Quid des langues régionales qui survivent sur le territoire français ? Jean-Noël Jeanneney, aimant manier l’ambiguïté et l’humour, quitte à faire perdre le fil à l’interlocuteur qui aurait eu une fraction de seconde d’inattention, termine son propos en faisant allusion au révolutionnaire Abbé Grégoire. Ce redoutable homme de foi, un brin radicalisé comme nous dirions aujourd’hui, écrabouilla les langues régionales suivant l’analyse que si les langues régionales gardaient leur puissance, les bourgeois qui eux parlaient français, garderaient leur suprématie sur l’ensemble de la société. Preuve que la question de la langue n’est pas qu’une histoire préoccupant les linguistes et autres intellectuels de salon, mais bien un sujet politique !

Léonore Confino tente de remettre ses idées en place ! (Ph : A. Galy - Agora)

Pleurer d’émotions en attendant « le Poisson belge » !

Le prix Sony Labou Tansi prend son envol ! Ce moment fut magique, inattendu. Plus d’un millier de lycéens de métropole, d’outre-mer et de lycées français de l’étranger participent à ce concours. Il est déjà réconfortant de savoir que ces jeunes savent qui est Sony Labou Tansi et qu’ils consacrent une grande partie de leur temps «  libre » à lire du théâtre ! Mais, là où le succès est total, est quand la remise des prix fait pleurer de joie, de fierté, et d’émotion justifiée un public enthousiaste et une auteure sidérée. Car c’est bien là, la cerise sur le gâteau. Voir l’auteure arriver en larmes, incapable de s’exprimer, sur scène, entourée d’une jeune troupe venant de jouer avec brio un extrait de son texte... ça, c’est merveilleux ! Pour contourner son délicieux malaise, Léonore Confino décide d’être belge, tout naturellement. La jeune femme part en vrille. Surréaliste. Épatante. Les jeunes acteurs sont émus de la voir aussi émue. Le public est médusé. Sony Labou Tansi veille sur le prix qui porte son nom, ça se voit !
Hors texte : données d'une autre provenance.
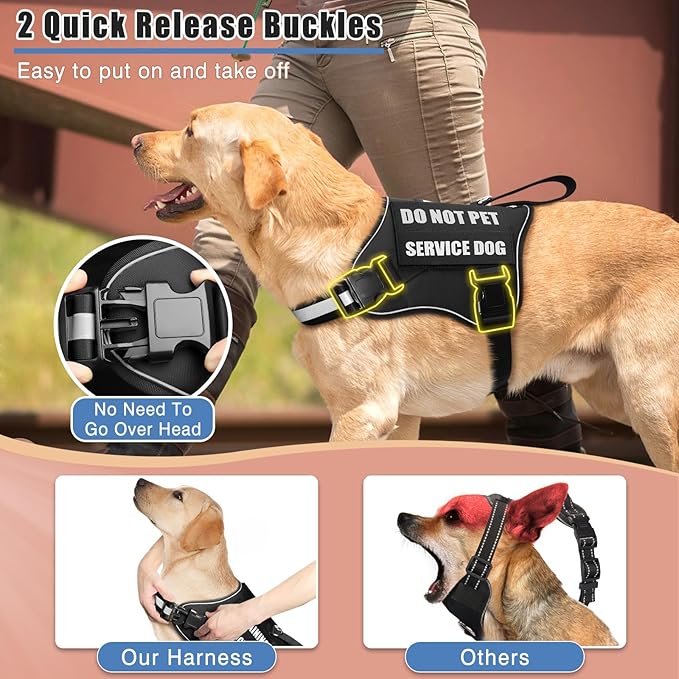 Service Dog Vest Harness+ID Tag+10 Patches,Metal Serivce Dog Tag&Reflective Emotional Support Dog Vest with Handle for Medium Dogs,Easy Put On/Off for Training/Walking/Everyday Black M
Léonore Confino - « Le Poisson belge »

Instantanés volés !

 Elle arrive, lèvres pincées. L’arrogance se lit sur son visage. Comment, elle qui « est dans le théâtre » ne pourra pas assister à la lecture ! Elle qui a fait 200 km et qui chaque année « fait Avignon », comment peut-on l’empêcher d’entrer ? Juste, car la salle est pleine de gens qui ont réservé. Les choses les plus simples étant parfois les plus complexes à comprendre, Madame est offusquée ! « Que c’est rural ici ! » Les clichés ont la vie dure, même aux Francophonies du Limousin !

 Discrètement, une collégienne envoie un SMS à... à qui elle veut ! « Je suis à la conférence de l’auteur de TRAM 83 et de la menteuse en scène de la pièce ». Magnifique correcteur d’orthographe.